* AIM OF THE EXERCISE *
Your task is to copy the stretch of lines in the records below that begins with the line containing "Hudson Valley - 4717-AGB" and ends with the line containing "Peach Banarasi Silk Saree With Blouse Piece", exactly as written, with nothing added.

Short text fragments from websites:
▬▬▬▬▬▬
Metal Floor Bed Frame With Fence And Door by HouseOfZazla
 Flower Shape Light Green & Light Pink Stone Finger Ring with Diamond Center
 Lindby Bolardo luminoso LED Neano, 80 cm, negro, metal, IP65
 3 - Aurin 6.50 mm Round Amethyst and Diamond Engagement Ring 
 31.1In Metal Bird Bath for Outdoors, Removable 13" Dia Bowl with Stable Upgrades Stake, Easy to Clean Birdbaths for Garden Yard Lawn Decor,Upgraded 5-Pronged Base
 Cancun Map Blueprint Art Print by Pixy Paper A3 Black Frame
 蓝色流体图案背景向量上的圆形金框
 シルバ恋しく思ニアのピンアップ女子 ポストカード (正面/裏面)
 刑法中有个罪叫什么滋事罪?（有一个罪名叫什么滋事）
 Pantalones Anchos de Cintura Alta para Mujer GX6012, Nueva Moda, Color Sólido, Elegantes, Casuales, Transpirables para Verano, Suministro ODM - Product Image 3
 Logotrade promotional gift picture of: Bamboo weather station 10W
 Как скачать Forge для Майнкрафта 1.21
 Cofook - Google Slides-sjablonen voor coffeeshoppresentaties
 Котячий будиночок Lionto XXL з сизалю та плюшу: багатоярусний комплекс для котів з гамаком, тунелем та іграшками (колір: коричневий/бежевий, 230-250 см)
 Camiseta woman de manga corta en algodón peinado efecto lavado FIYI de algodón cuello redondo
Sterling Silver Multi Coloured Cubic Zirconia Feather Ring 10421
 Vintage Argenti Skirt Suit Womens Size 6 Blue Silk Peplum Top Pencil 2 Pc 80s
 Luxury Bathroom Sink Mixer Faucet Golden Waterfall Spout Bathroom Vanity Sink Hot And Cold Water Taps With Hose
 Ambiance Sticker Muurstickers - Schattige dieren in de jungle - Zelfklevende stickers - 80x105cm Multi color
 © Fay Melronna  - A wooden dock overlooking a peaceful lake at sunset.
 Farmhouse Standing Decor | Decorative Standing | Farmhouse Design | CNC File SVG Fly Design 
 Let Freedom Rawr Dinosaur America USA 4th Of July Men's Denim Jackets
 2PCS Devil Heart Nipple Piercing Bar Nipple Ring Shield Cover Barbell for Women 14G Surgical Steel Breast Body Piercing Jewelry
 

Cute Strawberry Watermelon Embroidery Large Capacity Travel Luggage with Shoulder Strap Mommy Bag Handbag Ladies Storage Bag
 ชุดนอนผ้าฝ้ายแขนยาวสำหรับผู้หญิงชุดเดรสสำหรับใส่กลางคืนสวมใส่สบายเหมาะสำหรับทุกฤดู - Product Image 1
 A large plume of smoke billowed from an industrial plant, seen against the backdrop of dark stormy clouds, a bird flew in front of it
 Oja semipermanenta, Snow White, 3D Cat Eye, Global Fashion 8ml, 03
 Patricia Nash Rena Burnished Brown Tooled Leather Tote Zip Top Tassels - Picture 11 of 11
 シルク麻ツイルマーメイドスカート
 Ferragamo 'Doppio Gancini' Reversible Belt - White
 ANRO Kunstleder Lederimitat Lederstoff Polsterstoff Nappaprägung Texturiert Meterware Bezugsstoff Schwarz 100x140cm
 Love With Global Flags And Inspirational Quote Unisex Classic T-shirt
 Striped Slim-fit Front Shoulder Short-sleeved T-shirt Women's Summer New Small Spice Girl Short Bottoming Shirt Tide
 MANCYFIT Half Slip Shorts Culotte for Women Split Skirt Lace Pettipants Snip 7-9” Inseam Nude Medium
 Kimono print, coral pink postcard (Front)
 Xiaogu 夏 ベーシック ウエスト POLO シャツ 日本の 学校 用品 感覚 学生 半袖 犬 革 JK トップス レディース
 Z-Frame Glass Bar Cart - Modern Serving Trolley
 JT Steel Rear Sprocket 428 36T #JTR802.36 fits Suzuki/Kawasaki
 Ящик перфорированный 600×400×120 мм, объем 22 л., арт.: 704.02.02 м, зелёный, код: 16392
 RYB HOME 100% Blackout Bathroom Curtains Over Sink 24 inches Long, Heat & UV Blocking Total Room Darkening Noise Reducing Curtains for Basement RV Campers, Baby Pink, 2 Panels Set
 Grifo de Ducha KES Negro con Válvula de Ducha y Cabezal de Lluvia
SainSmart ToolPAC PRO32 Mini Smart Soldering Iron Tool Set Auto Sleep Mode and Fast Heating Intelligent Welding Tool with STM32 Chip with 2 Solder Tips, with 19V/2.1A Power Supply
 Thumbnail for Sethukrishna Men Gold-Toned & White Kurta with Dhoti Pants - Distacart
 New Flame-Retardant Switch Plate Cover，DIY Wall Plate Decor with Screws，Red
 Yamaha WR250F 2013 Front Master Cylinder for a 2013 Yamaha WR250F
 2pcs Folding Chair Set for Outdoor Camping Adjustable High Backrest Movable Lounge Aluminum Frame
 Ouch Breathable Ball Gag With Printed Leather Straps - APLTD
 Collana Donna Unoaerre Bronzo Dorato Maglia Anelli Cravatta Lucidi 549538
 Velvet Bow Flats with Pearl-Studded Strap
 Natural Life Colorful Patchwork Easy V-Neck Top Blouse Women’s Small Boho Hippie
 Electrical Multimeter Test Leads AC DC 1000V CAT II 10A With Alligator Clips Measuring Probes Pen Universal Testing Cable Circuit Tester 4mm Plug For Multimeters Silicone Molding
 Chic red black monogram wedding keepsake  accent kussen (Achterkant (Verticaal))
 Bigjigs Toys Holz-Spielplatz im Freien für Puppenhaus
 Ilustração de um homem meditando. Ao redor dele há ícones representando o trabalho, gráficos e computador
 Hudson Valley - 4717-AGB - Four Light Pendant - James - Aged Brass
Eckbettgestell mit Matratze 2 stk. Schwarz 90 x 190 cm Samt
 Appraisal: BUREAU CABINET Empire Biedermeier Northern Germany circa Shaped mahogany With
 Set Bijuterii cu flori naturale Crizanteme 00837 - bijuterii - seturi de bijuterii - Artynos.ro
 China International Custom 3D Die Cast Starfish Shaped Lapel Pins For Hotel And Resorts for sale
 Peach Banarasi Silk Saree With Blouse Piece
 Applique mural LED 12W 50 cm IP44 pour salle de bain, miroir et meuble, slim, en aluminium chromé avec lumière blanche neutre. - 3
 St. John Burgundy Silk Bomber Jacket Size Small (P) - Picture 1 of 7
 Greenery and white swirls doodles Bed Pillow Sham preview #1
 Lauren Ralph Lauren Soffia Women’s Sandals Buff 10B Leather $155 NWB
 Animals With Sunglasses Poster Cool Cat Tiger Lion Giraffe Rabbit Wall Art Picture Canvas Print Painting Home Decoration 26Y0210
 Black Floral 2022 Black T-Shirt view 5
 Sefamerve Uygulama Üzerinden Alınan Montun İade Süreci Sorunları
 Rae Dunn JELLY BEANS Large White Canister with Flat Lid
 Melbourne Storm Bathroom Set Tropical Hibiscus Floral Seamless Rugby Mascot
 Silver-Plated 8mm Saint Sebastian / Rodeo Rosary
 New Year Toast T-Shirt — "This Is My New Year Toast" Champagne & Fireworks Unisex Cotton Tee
▬▬▬▬▬▬
* RESULT OF THIS TASK *
 Hudson Valley - 4717-AGB - Four Light Pendant - James - Aged Brass
Eckbettgestell mit Matratze 2 stk. Schwarz 90 x 190 cm Samt
 Appraisal: BUREAU CABINET Empire Biedermeier Northern Germany circa Shaped mahogany With
 Set Bijuterii cu flori naturale Crizanteme 00837 - bijuterii - seturi de bijuterii - Artynos.ro
 China International Custom 3D Die Cast Starfish Shaped Lapel Pins For Hotel And Resorts for sale
 Peach Banarasi Silk Saree With Blouse Piece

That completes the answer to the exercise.